▸ Data under study:
##############################

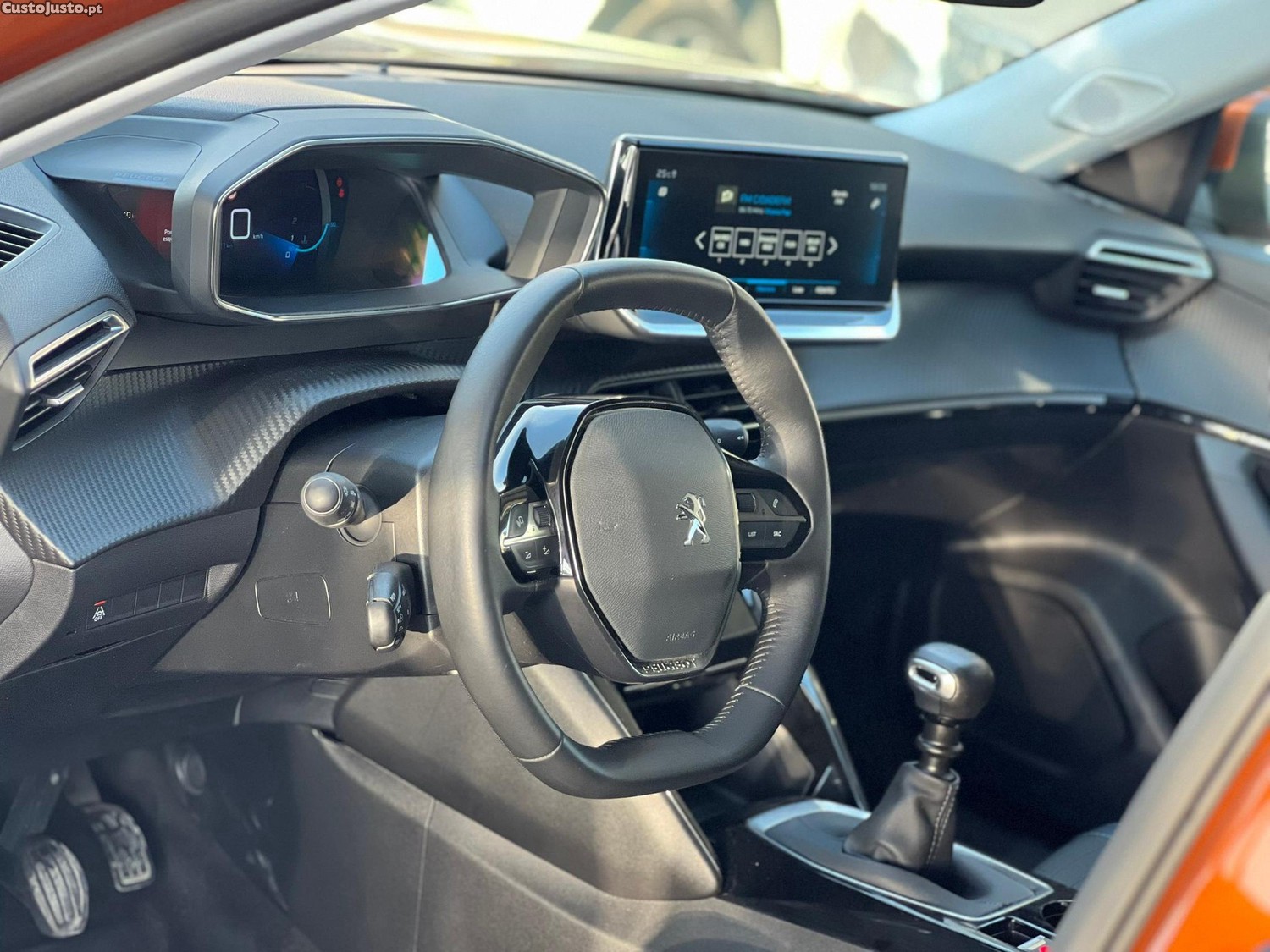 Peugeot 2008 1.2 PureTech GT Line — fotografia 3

##############################

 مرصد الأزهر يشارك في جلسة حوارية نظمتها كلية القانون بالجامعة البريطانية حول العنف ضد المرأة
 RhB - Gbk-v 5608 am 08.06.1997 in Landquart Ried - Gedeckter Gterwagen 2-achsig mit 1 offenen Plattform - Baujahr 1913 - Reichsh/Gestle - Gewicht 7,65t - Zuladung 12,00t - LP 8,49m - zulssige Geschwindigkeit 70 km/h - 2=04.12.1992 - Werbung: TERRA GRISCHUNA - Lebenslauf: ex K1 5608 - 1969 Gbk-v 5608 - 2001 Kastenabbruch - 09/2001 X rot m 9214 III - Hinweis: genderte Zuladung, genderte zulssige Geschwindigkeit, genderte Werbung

##############################

▸ What to produce: In the listing above, find the line containing "مرصد الأزهر يشارك" and the line containing "RhB - Gbk-v". Output them and every line between, exactly, and nothing else.

▸ Solution to this problem:
 مرصد الأزهر يشارك في جلسة حوارية نظمتها كلية القانون بالجامعة البريطانية حول العنف ضد المرأة
 RhB - Gbk-v 5608 am 08.06.1997 in Landquart Ried - Gedeckter Gterwagen 2-achsig mit 1 offenen Plattform - Baujahr 1913 - Reichsh/Gestle - Gewicht 7,65t - Zuladung 12,00t - LP 8,49m - zulssige Geschwindigkeit 70 km/h - 2=04.12.1992 - Werbung: TERRA GRISCHUNA - Lebenslauf: ex K1 5608 - 1969 Gbk-v 5608 - 2001 Kastenabbruch - 09/2001 X rot m 9214 III - Hinweis: genderte Zuladung, genderte zulssige Geschwindigkeit, genderte Werbung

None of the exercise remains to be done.